In this case, I don't see what std::vector brings to the party. MAX_COMPUTERNAME_LENGTH is not likely to be very large, so I would simply use a C-style array as the temporary buffer.


See this answer to another question. It provides the source to a StringBuffer class which handles this situation very cleanly.


I would say, since you are already at task of abstracting Windows API behind a more generic C++ interface, do away with vector altogether, and don't bother about wstring constructor:

wstring getComputerName()
{
    wchar_t name[MAX_COMPUTERNAME_LENGTH + 1];
    DWORD size = MAX_COMPUTERNAME_LENGTH;

    GetComputerNameW(name, &size);

    return name;
}

This function will return a valid wstring object.


I'd use the vector. In response to you saying you picked a bad example, pretend for a moment that we don't have a reasonable constant upper bound on the string length. Then it's not quite as easy:

#include <string>
#include <vector>
#include <windows.h>

using std::wstring;
using std::vector;

wstring getComputerName()
{
    DWORD size = 1; // or a bigger number if you like
    vector<wchar_t> buffer(size);
    while ((GetComputerNameW(&buffer[0], &size) == 0))
    {
        if (GetLastError() != ERROR_BUFFER_OVERFLOW) aargh(); // handle error
        buffer.resize(++size);
    };
    return wstring(&buffer[0], size);
}

In practice, you can probably get away with writing into a string, but I'm not entirely sure. You certainly need additional guarantees made by your implementation of std::wstring, beyond what's in the standard, but I expect MSVC's strings are probably OK.
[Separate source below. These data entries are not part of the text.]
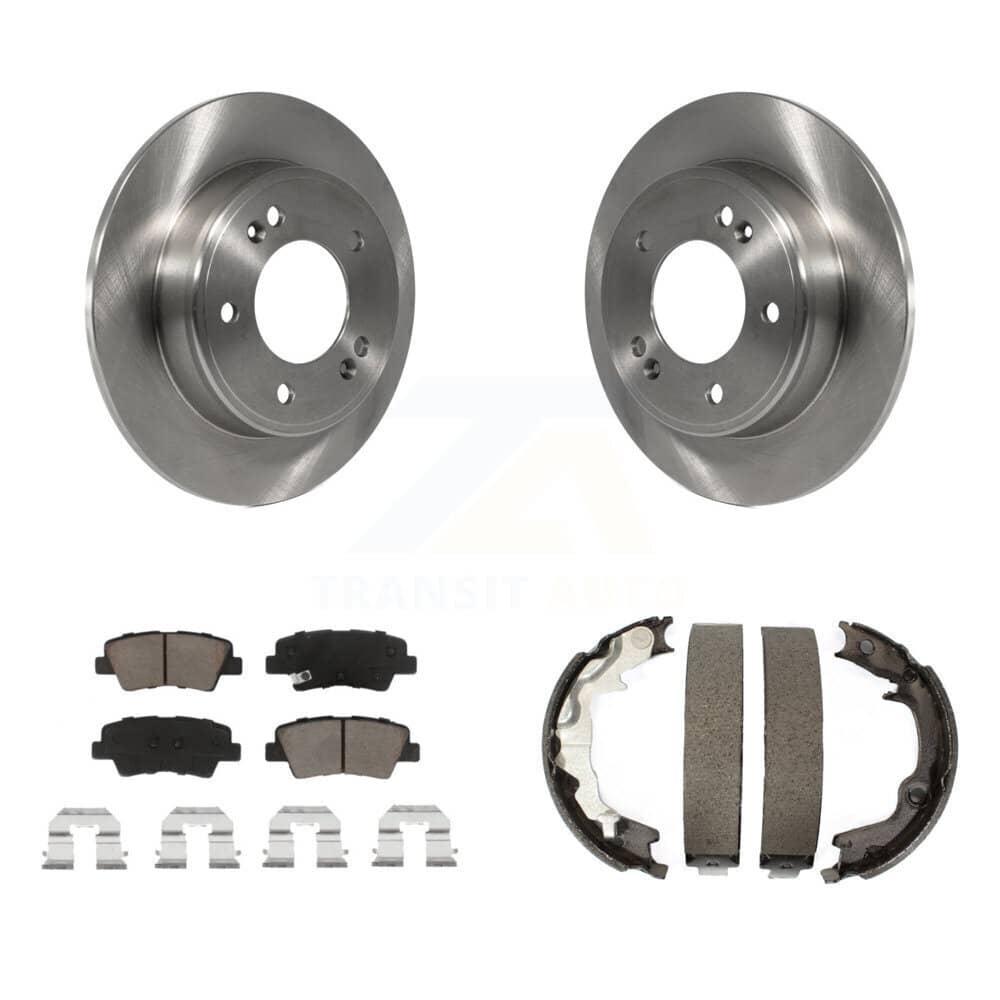 CMX - K8C-103928 - Rear Disc Brake Kits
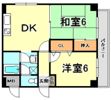 グレーテル森の間取り画像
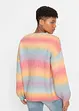 Cardigan in morbido filato grosso misto lana, bonprix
I think that if wstring::reference is wchar_t& then you're sorted. 21.3.4 defines that non-const operator[] returns a reference, and that it returns data()[pos]. So if reference is just a plain wchar_t& then there's no scope for exciting copy-on-write behaviour through the reference, and the string must in fact be modifiable through the pointer &buffer[0]. I think. The basic problem here is that the standard allowed implementations more flexibility than turned out to be needed.

That's a lot of effort and commenting though, just to avoid copying a string, so I've never felt the need to avoid an intermediate array/vector.